Transportation Economics Flashcards
Market place
place where buyers and sellers meet. Does not have to be a physical place
Demand
Demand denotes the quantities of a good or service that potential buyers are willing and able to buy
Individual vs market demand
Individual demand : the quantity of a product that an individual intends to buy at a specific price and at a particular time given his or her income,
Market demand: is simply the sum of all the individual demands
Determinants of individual demand
- Price of a product
- Price of related products (complements/ substitutes)
- Consumer income
- Tastes and preferences
- Size of household
Law of demand
The higher the price of the good, the lower the quantity demanded
Supply
Supply refers to the quantities of a good or service that suppliers are willing and able to sell.
Law of supply
The higher the price of the good, the higher the quantity supplied
Individual vs market supply
Individual supply: refers to the quantity of a product or service that individual sellers/ producers intend to sell at a specific price in a particular period
Market supply: is obtained by simply adding the individual supplies. Now that the concept of supply has been better understood
Determinants of Supply
- The price of the product or service
- The prices of alternative products or services
- Prices of factors of production and other inputs (A key input into road transportation is fuel)

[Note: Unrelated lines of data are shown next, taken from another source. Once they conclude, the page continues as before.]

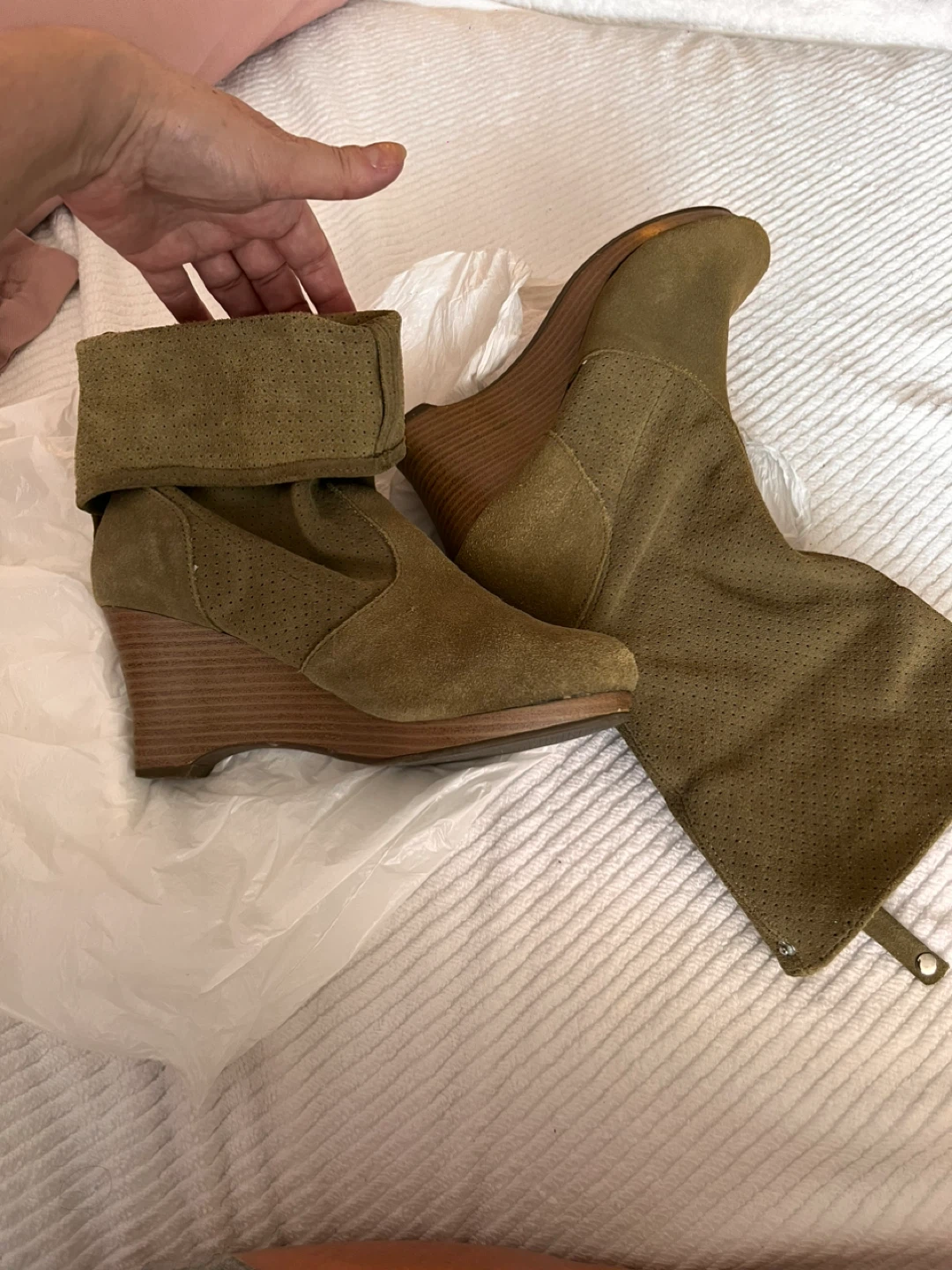 Women's Taupe Suede Perforated Wedge size 7 Boots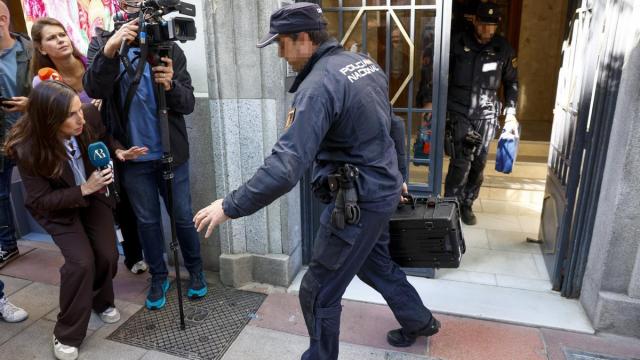 La UDEF registra el despacho de Zapatero en junto a la sede del PSOE en Ferraz.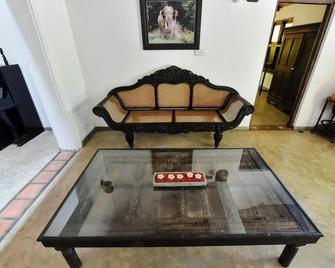 Hiddenside Waya Ulpatha - Sigiriya - Living room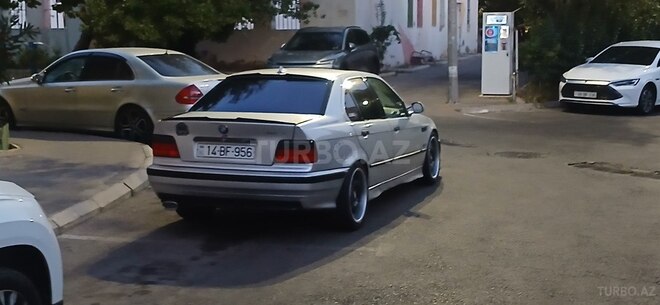 BMW 318 1994, 350,000 km - 1.8 l - Bakı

- Expected future prices of vehicles themselves and/or fuel prices
- The state of technology
Market Equilibrium
When the quantity demanded is equal to the quantity supplied, the market is in equilibrium.
Price elasticity of demand
This type of elasticity refers to the sensitivity of quantity demanded to a change in the price of the product or service.
|∞| = Perfectly Elastic
|0| = Perfectly Inelastic
|1| = Unitary Inelastic
|0-1| = Relatively Inelastic
|>1| = Relatively Elastic
Income elasticity of demand
Income elasticity of demand relates to the sensitivity of the quantity demanded to a change in the income of consumers.
+ive means that the increase in income is accompanied by the increase in the quantity demanded of the product concerned. (Normal Goods). Normal Goods = Luxury good/ Essential good
Luxury Good
•When the income elasticity of demand > 1
•% Change in Q> % change in Y
Essential Good
•When the income elasticity of demand is still positive but < 1 [0-1]
•% Change in Q < % change in Y
-ive means that the increase in income leads to a decrease in the quantity demanded of the product concerned. (Inferior Goods).
Cross elasticity of demand
Cross elasticity of demand is a measure that shows the sensitivity of the quantity demanded of a specific good or service to a change in the price of a related (substitute or complement) good or service.
Substitutes
•Cross elasticity of demand is positive.
A change in the price of one product (butter), will lead to a change in the same direction in the Qd of the substitute product (margarine).
Complements
•Cross elasticity of demand is negative.
A change in the price of one product (motorcars), will lead to a change in the opposite direction in the Qd of the complementary product (tires).